Alors que les quantités rejetées ont progressivement diminué avec un traitement à terre, l'arrêt total des rejets de boues rouges a été décrété pour le 1er janvier 2016. En fait, la canalisation sera toujours exploitée mais pour le rejet d'eaux de process (partie liquide des boues rouges, ultrabasique, et contenant encore des éléments toxiques comme la soude). En effet, l'arrêté préfectoral de 1996, pris en lien avec les objectifs de la convention de Barcelone pour la protection de la Méditerranée ratifiée en 1998, impose à l'industriel de cesser tout rejet de boues au plus tard au 1er janvier 2016. Cette disposition a été reprise par le décret de création du parc national. Altéo étant en mesure de cesser ces rejets, le Préfet des Bouches-du-Rhône a publié un nouvel Arrêté autorisant l'exploitation de l'usine de production d'alumine de Gardanne pour 6 années supplémentaires.

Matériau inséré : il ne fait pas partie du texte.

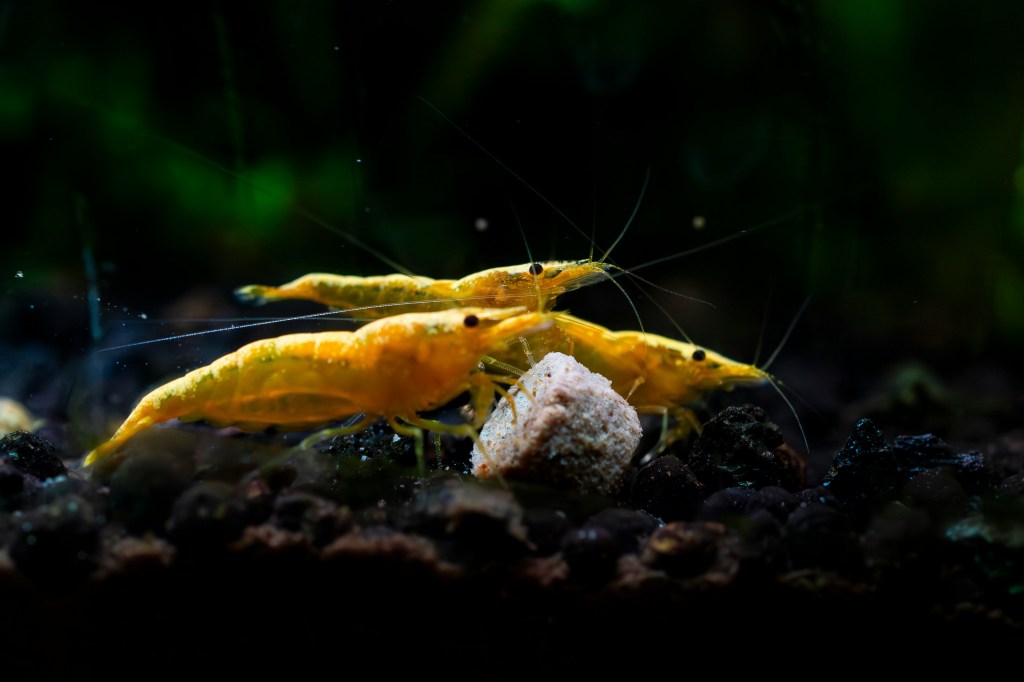 3 yellow shrimp in water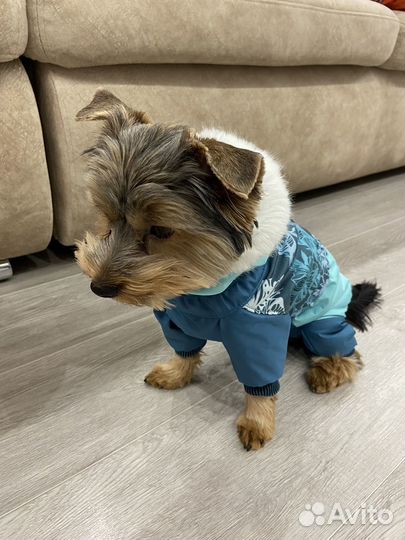 Зимний комбинезон для собак мелких пород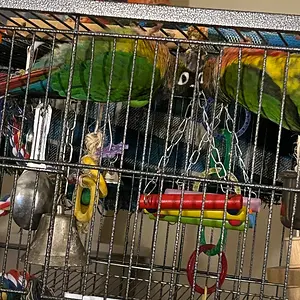 Quasar and Tailgate hang from top of cage_1.webp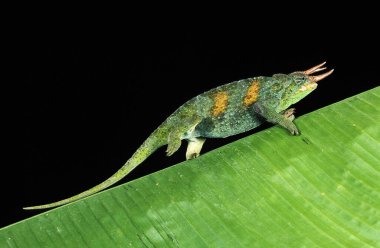 Jackson 's Chameleon, Chamaeleo Jacksoni, Büyük Yaprak üzerinde yürüyen Erkek 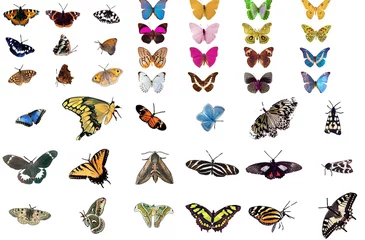 Photo sur Plexiglas Papillon papillons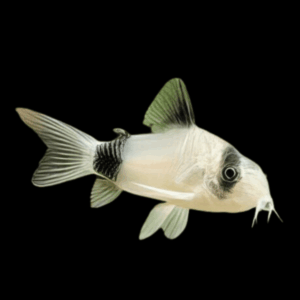 Panda Corydoras (2 - 2,5 Cm)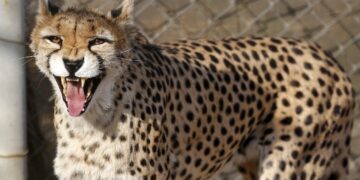 Rare birth of Asiatic cheetah cubs in Iran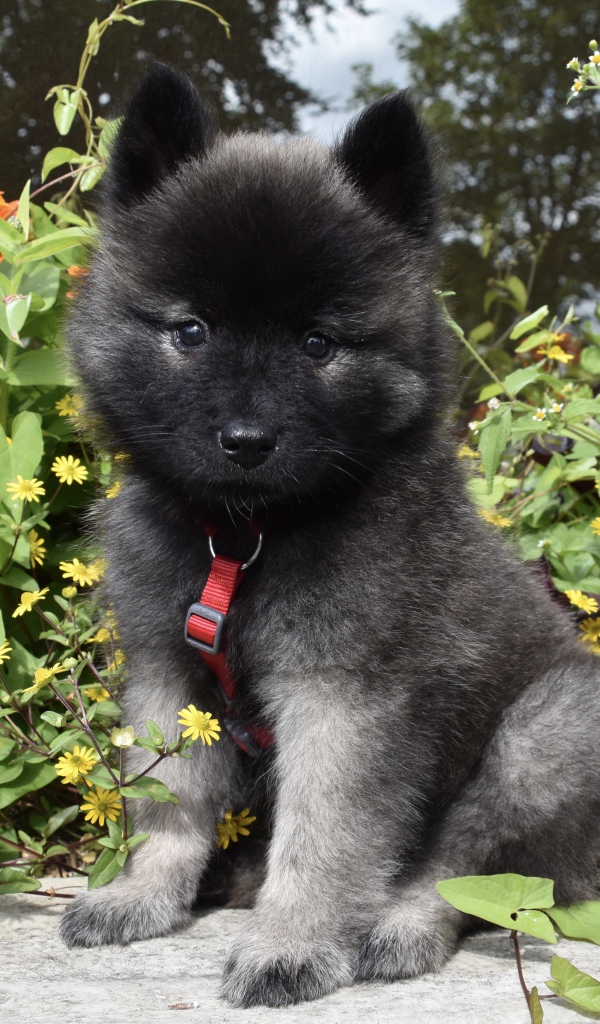 Маленький щенок Евразиер сидит у цветов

Cette mesure pourrait être satisfaisante mais elle soulève l'indignation des associations environnementales : "sacrifiant à un modèle dépassé, et s'asseyant sur les principes mêmes du développement durable qui exigent que les trois piliers de l'écologie, de l'économique et du social soient portés conjointement, le gouvernement vient de prolonger pour 6 ans les déversements industriels de l'usine Alteo de Gardanne dans une Méditerranée à bout de souffle" indique le collectif dans un communiqué. Pourtant, les rejets de boues rouges ont cessé depuis le début de l'année comme le précise Altéo : "il est tout à fait inexact de parler de poursuite de rejets de boues rouges dans les calanques (...) Elle confirme tout d'abord l'arrêt définitif de tout rejet de boues rouges en mer." Cependant, d'autres effluents, moins toxiques, les remplaceront. Il s'agit des rejets de la nouvelle station de traitement des eaux mise en place par Altéo : "Après 30 jours de fonctionnement, cette nouvelle unité de traitement des eaux excédentaires, combinée aux trois filtres-presses, permet d'améliorer de plus de 99,95% la qualité des eaux en fin de cycle. Ce double procédé innovant mis en œuvre à Gardanne est unique dans le monde de l'alumine."

"Je trouvais au départ ça très scandaleux, qu'une entreprise puisse rejeter tout et n'importe quoi dans la mer, puis dans un parc. Cependant la création d'un parc naturel ne permet pas d'interdire toutes les activités qui se passent en son sein, on ne va pas dire aux gens qui y résident de partir, ou aux pêcheurs d'arrêter de pêcher, etc. Donc forcément il faut doucement amorcer le changement, et il faut que cela se fasse dans la concertation. Déjà, je trouve que c'est une bonne chose que les rejets futurs ne soient plus directement les boues mais uniquement de l'eau filtrée, qui malgré tout contiendra un certain nombre de produits toxiques, mais c'est déjà une grande avancée. On ne peut pas fermer l'entreprise, ni délocaliser (on n'aurait plus de problème, mais là où elle va s'installer, il y en aura un), il faut aussi penser aux gens qui y travaillent." nous livre Lisa, une étudiante en M2 d'environnement qui vit près du Parc National des Calanques.